オーディオ専門店・ダイナミックオーディオ(東京・神田)の試聴会(イベント)に参加しました。日本のオーディオメーカー TAD の機器をつかって音楽をたのしみました。

試聴機材はつぎのとおりでした。
  • プレーヤー:TAD-D1000MK2 
  • プリアンプ:TAD-C2000 
  • パワーアンプ:TAD-M2500MK2 
  • スピーカー:TAD-ME1 & TAD-CR1 

オーディオ(ステレオ)は、2本のスピーカーから音をだして音楽を再生します。しかし実際には、それぞれのスピーカーから音がでているようにはきこえず、目の前で音楽家が演奏しているかのようにきこえます。ソリストの歌声は中央から、ベースはうしろのほうから、ピアノは左からといったように。ステレオで音楽をきけば臨場感をあじわえます。

情報処理の観点からとらえなおすと音をきくとはどういうことでしょうか。まず耳に音波がはいってきます。音波は電気信号に変換されて脳におくられ、脳は情報を処理して音を認知します。耳はインプット器官、脳はプロセシング器官です。これが聴覚のしくみです。

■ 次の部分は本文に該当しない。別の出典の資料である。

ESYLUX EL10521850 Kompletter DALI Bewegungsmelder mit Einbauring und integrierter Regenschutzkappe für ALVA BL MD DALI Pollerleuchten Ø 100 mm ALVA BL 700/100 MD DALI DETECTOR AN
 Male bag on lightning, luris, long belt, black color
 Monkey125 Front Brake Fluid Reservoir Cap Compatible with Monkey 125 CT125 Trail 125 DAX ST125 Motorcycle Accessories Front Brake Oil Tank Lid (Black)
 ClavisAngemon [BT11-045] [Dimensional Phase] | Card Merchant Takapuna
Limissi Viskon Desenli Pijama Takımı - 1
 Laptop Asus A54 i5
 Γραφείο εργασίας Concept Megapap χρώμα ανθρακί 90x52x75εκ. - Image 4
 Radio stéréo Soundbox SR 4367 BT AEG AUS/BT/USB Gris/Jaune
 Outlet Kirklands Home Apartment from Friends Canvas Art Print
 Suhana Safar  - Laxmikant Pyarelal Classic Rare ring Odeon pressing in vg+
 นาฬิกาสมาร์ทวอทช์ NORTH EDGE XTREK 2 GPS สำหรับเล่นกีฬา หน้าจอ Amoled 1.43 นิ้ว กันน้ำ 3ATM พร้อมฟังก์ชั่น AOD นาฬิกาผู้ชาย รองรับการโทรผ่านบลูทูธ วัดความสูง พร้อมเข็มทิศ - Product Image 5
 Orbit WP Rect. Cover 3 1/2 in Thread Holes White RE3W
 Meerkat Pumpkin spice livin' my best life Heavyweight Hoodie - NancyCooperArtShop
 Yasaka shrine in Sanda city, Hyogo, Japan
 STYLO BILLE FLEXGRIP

それではどうして耳は2つあるのでしょうか。たとえば右側のスピーカーからでた音は左右両方の耳に到達しますが、右側の耳には左側の耳よりもわずかにはやく到達します。左側のスピーカーからでた音ではその逆のことがおこります。この左右の時間差を脳が検出して、情報を融合して音源の位置を特定します。中央からきこえるとか、左の方からきこえるとか空間的な状況がわかります。こうして楽器の配置や音のひろがりがとらえられるのです。

このことは、ステレオ写真をつかって立体視することによく似ています。

もし耳が1つしかなかったらこのようなことはできません。音がきこえるだけです。耳が2つあることによって空間認知ができるのです。

たとえば目の不自由な人は壁などからの反射音をきいて、障害物がどこにあるか、その方向とそこまでの距離を判断してあるいていくといいます。

このようなことは無意識的に誰でもやっていることでしょうが、聴覚系の情報処理と空間認知のしくみを自覚することが重要です。空間認知は視覚系でもできますが、聴覚系のほうが、非常にこまかいところまであまりわからない分、全体的な状況がつかみやすいということがあるかもしれません。このような訓練をくりかえしていれば環境を認識する能力もたかまります。

音楽をきくときにはなるべくステレオをつかって、各楽器の配置を想像し、音響のひろがりをつかむようにするとよいでしょう。